Then, I pass the arguments into the JAGS_fit()
function
that wraps around the runjags R package (Denwood,
2016), specifying the prior distributions, preparing the starting
values, etc…
ttest_model_H0 <- JAGS_fit(
model_syntax = ttest_model,
data = ttest_data,
prior_list = ttest_priors_H0,
seed = 0
)
#> Loading required namespace: runjags
#> Loading required namespace: rjags
ttest_model_Hp <- JAGS_fit(
model_syntax = ttest_model,
data = ttest_data,
prior_list = ttest_priors_Hp,
seed = 1
)
I can print the estimated model summary with
runjags_estimates_table()
function.
runjags_estimates_table(ttest_model_Hp)
#> Mean SD lCI Median uCI error(MCMC) error(MCMC)/SD ESS R-hat
#> mu 0.681 0.048 0.585 0.681 0.774 0.00049 0.010 9784 1.000
#> sigma 0.488 0.035 0.425 0.486 0.562 0.00036 0.010 9246 1.000
#> delta 0.113 0.094 0.004 0.091 0.345 0.00139 0.015 4526 1.000
To compute the Bayes factor in favor of \(\mathcal{H}_+\) over \(\mathcal{H}_0\), I need to first obtain the marginal likelihoods. The only additional step is specifying an R function that returns the log likelihood of the model. Here, instead of writing out the loops, I take advantage of the fact that summation on the log scale equals to multiplication on the original scale.

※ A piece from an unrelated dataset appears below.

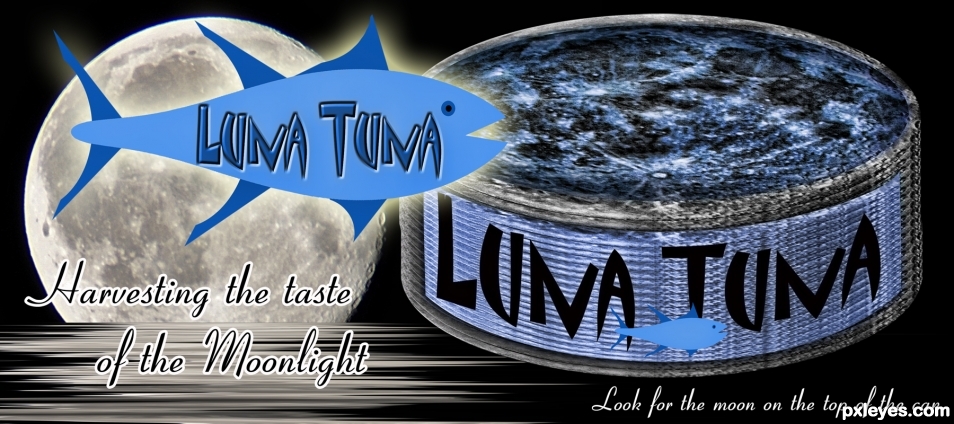 Creation of Moon Tuna: Final Result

log_posterior <- function(parameters, data){
loglik_x <- sum(dnorm(
x = data[["x"]],
mean = parameters[["mu"]] - parameters[["delta"]] * parameters[["sigma"]] / 2,
sd = parameters[["sigma"]],
log = TRUE
))
loglik_y <- sum(dnorm(
x = data[["y"]],
mean = parameters[["mu"]] + parameters[["delta"]] * parameters[["sigma"]] / 2,
sd = parameters[["sigma"]],
log = TRUE
))
return(loglik_x + loglik_y)
}
The function requires two arguments, parameters
and
data
, both of which are forwarded to it via the
JAGS_bridgesampling
function that wraps around the bridge
sampling R package (Gronau et al., 2020),
specifying the marginal likelihood for prior distributions and taking
care of all required transformations etc…
marglik_model_H0 <- JAGS_bridgesampling(
fit = ttest_model_H0,
log_posterior = log_posterior,
data = ttest_data,
prior_list = ttest_priors_H0
)
marglik_model_Hp <- JAGS_bridgesampling(
fit = ttest_model_Hp,
log_posterior = log_posterior,
data = ttest_data,
prior_list = ttest_priors_Hp
)
To obtain the resulting Bayes factor in favor of the null hypothesis,
I can use the bf()
function from the bridgesampling R
package
bridgesampling::bf(marglik_model_H0, marglik_model_Hp)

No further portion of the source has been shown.